Organizations that procure food for subsequent distribution as aid are increasingly recognizing its potential to stimulate local market development by facilitating small-scale traders’ and farmer organizations’ access to reliable and profitable markets. Building on this commitment, they are instituting strategies aimed at engaging private sector actors, particularly large-scale traders, to enable more cost-effective sourcing while advancing broader development goals such as improved nutrition, resilience, smallholder incomes, livelihoods, and gender equality. This research analyzes systematically collected stack survey data from farmers and traders in western Uganda to evaluate the extent to which conditional contracts have contributed to these objectives and fostered transformation within local agricultural value chains.
This is joint work with Gashaw T. Abate and Kalyani Raghunathan.
Raising agricultural productivity among smallholder farmers in Sub-Saharan Africa is widely recognized as an important component of inclusive wealth creation and structural transformation.

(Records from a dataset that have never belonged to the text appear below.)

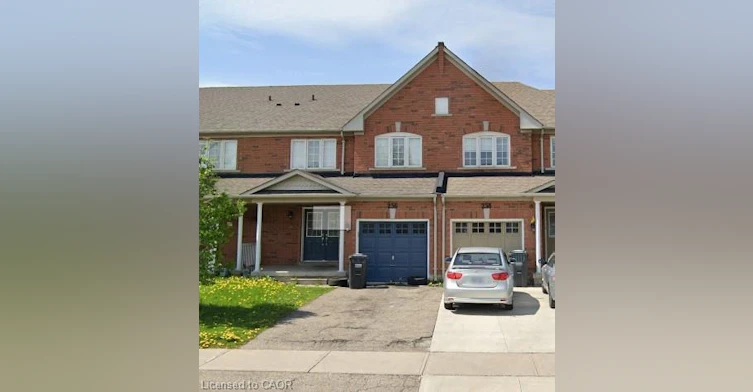 256 Van Kirk Drive, Brampton, ON, L7A 3W5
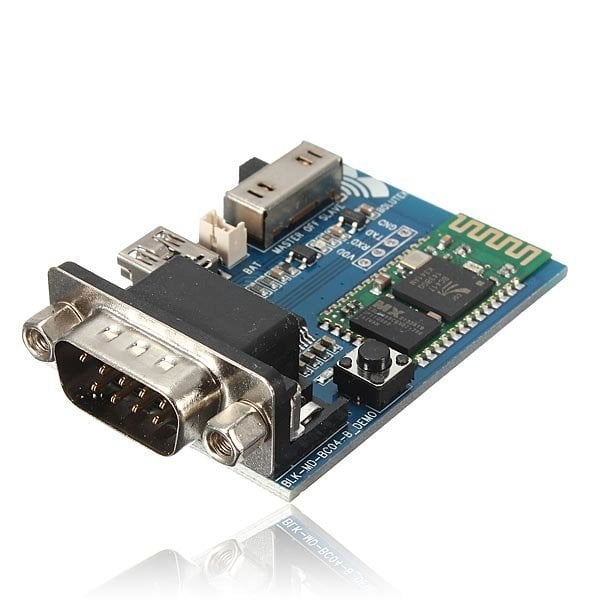 RS-232 - Bluetooth Çevirici Modül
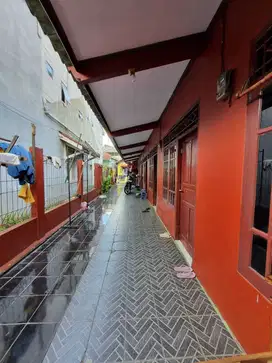 DiJual Kontrakan 7 pintu DiCiracas Jakarta Tiimur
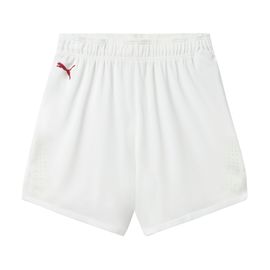 Puma Short De Basketball Away Saski Baskonia Homme, Sports, Blanc, L
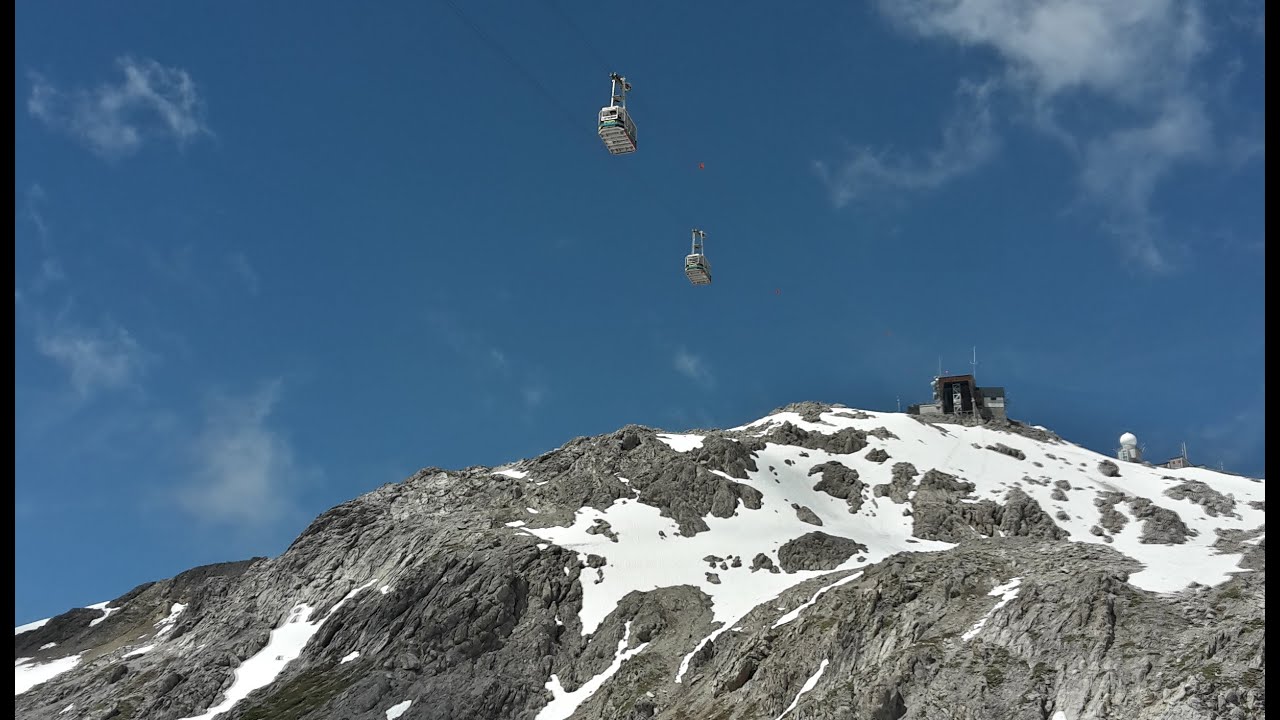 Weissfluh 2843 m n.p.m.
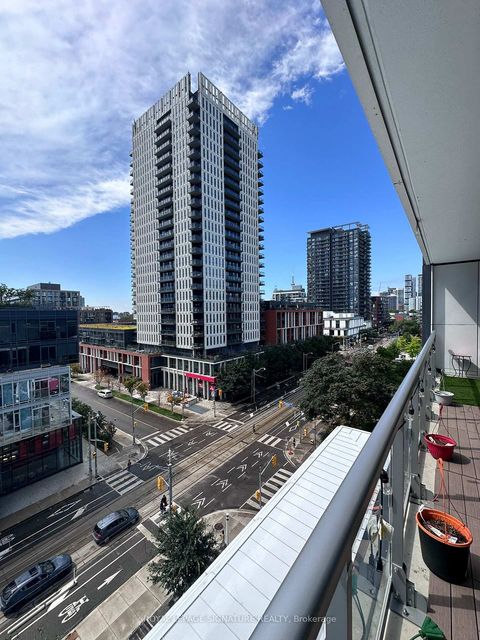Photo 11 at 605 - 225 Sumach Street, Regent Park, Toronto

Central to this endeavor will be the adoption of sustainable soil and land management to improve the sustainability, resilience and productivity of agriculture. As such, government advise farmers to increase soil productivity by embracing the use of fertilizers and implement proper soil health management practices. However, these recommendations mostly come in the form of blanket one-size-fits-all recommendations that ignore heterogeneity in soil characteristics that individual farmers face. Using a cluster randomize control trial, we evaluate the impact of a bundled intervention that involves offering farmers a soil test on a plot they select and, using the results of this soil test, provide them with tailored fertilizer recommendation and access to agricultural advice on the proper application of the recommended fertilizer to attain a desired yield for a particular crop the farmer chooses to plant on the plot. Furthermore, we also explore resources constraints as a potential barrier to the adoption of site specific fertilizer blends by providing a subsidy tied to the recommended fertilizer blend.
This is joint work with Richard Ariong, Thomas Assefa, Jonathan Atkinson, Joachim De Weerdt, Edwin Siyame, David J. Spielman, Patson Nalivata, and Mozes Munthali.
This work has been pre-registered at the AEA-RCT registry (AEARCTR-0014293).
Progress can be followed on GitHub.
It is often observed that smallholder farmers sell most of their marketable surplus immediately after the harvest when seasonal price movements reach their lowest point, instead of waiting just a few more months until prices recover. Most explanations for this seemingly sub-optimal behavior focus on economic or infrastructural issues, such as credit constraints or lack of storage facilities. In this study, we take a closer look at two potential behavioral explanations. One explanation focuses on household expenditure and assumes that households face challenges in accurately predicting future expenditures, systematically underestimating future needs. A second potential explanation focuses on household income, where motivated reasoning leads farmers to sell too early and/or at low prices. To test these hypotheses, we conduct two planning-based interventions among a sample of Malawian smallholder farmers: (1) a detailed expense budget and (2) a sales plan with explicit commitment to timing of sales, quantities and prices.
This is joint work with Joachim De Weerdt and Brian Dillon.
This work has been pre-registered at the AEA-RCT registry (AEARCTR-0009410).